On their face, the claims do not call for any form of computer implementation of the claimed methods. Synopsys stops short of arguing that the Asserted Claims must be construed as requiring a computer to perform the recited steps. Synopsys never sought such a construction before the district court and it does not press for such a construction here.12 Its argument therefore fails. Because the Asserted Claims make no mention of employing a computer or any other physical device, they are so broad as to read on an individual performing the claimed steps mentally or with pencil and paper. Just as we have held that complex details from the specification cannot save a claim directed to an abstract idea that recites generic computer parts, the Gregory Patents’ incorporation of software code cannot save claims that lack any computer implementation at all. See Accenture, 728 F.3d at 1345 (“[T]he complexity of the implementing software or the level of detail in the specification does not transform a claim reciting only an abstract concept into a patent-eligible system or method.“).
For this reason, we need not decide whether a computer-implemented version of the invention would not be “directed to” an abstract idea. And, for the same reasons, Synopsys cannot rely on our decisions in Enfish13 and McRO14 to support the patentability of the Asserted Claims. In Enfish, we held that claims “directed to a specific improvement to the way computers operate” to store and retrieve data were not unpatentably abstract. Enfish, LLC v. Microsoft Corp., 822 F.3d 1327, 1336 (Fed. Cir. 2016).

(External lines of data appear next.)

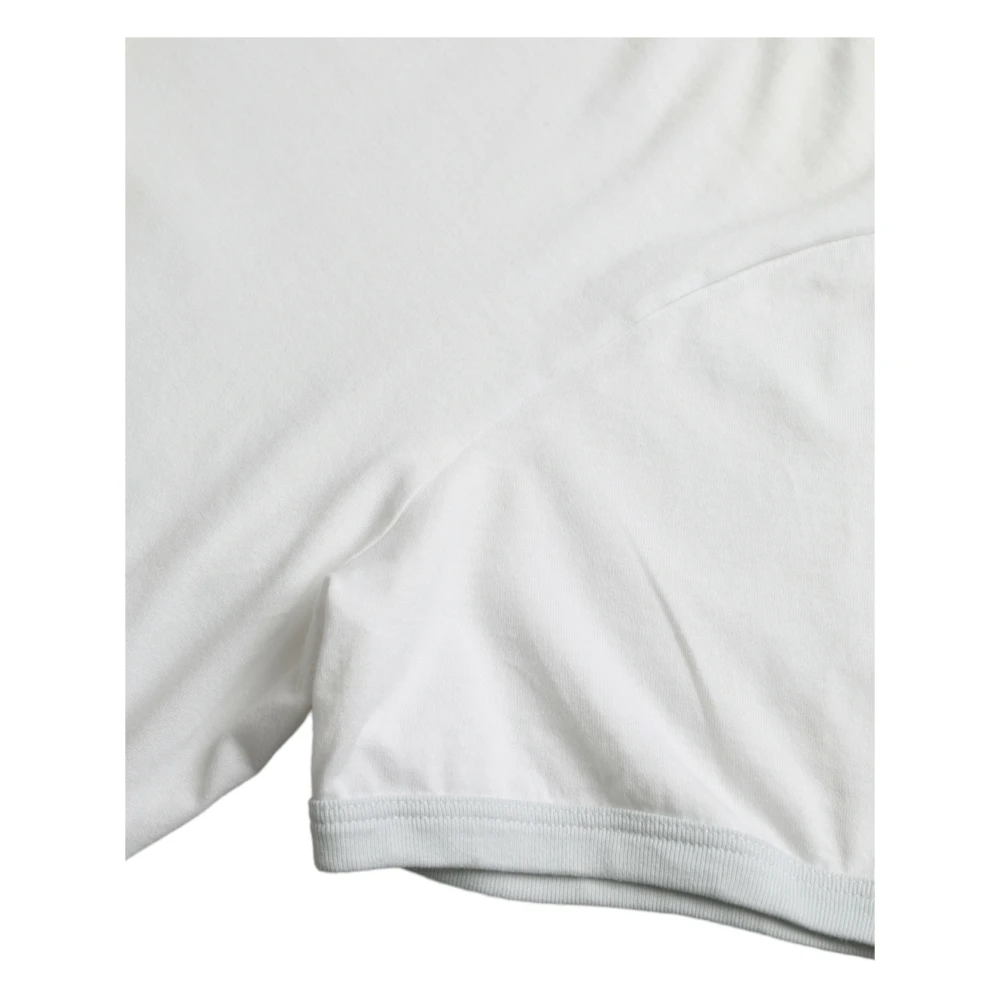 Dolce & Gabbana Wit Katoenen T-shirt met Ronde Hals en Korte Mouwen White Heren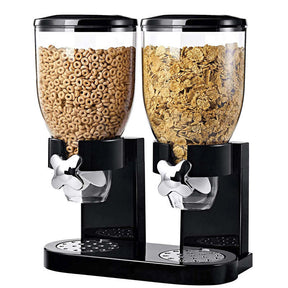 Dry Food Cereal Control Convenient Storage Dual Control Black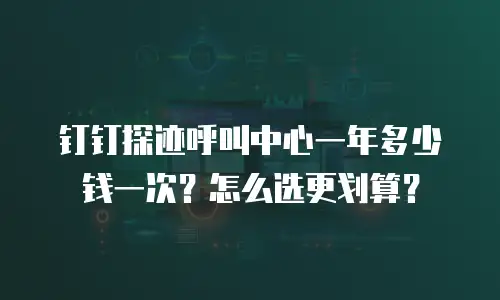 钉钉探迹呼叫中心一年多少钱一次？怎么选更划算？
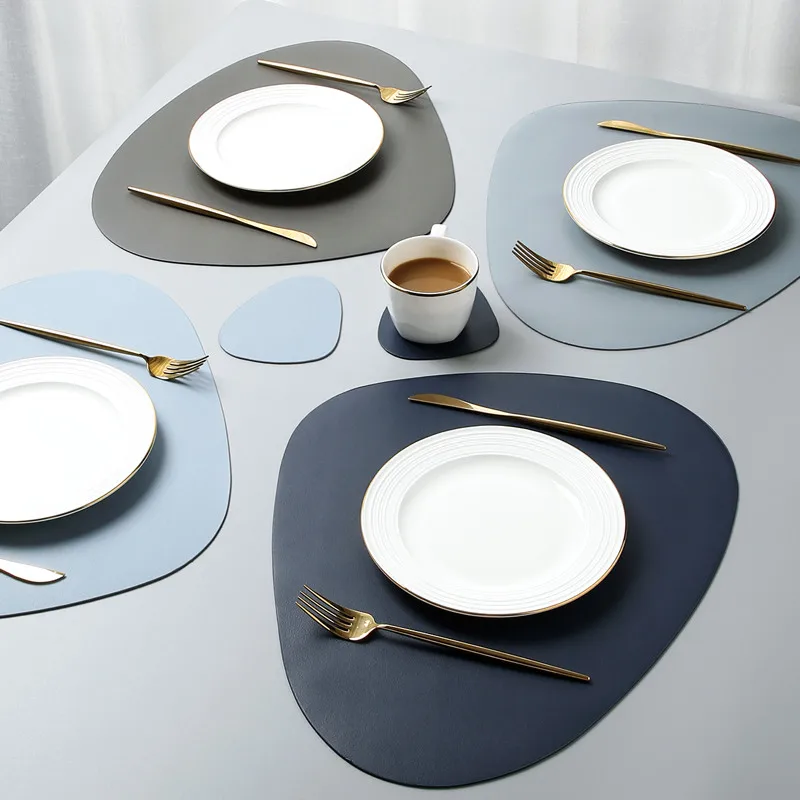 

Placemat Table Mat Tableware Pad PU Leather Waterproof Heat Insulation Non-Slip Placemat Soft Black Brown Washable Bowl Coaster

That a human circuit designer may not use the specific method claimed when translating a functional description of a logic circuit into a hardware component description of the logic circuit as Synopsys contends does not change this result. Indeed, the Supreme Court rejected this argument in Gottschalk. There, the Court reviewed a claimed “method for converting binary-coded decimal (BCD) numerals into pure binary numerals.” 409 U.S. at 64. It recognized that the claimed method had been designed for use on a computer and “varie[d] the ordinary arithmetic steps a human would use by changing the order of the steps, changing the symbolism for writing the multiplier used in some steps, and by taking subtotals after each successive operation.” Id. at 67. It found that the claimed method, which “c[ould] be performed without a computer,” was nonetheless not patent-eligible. Id.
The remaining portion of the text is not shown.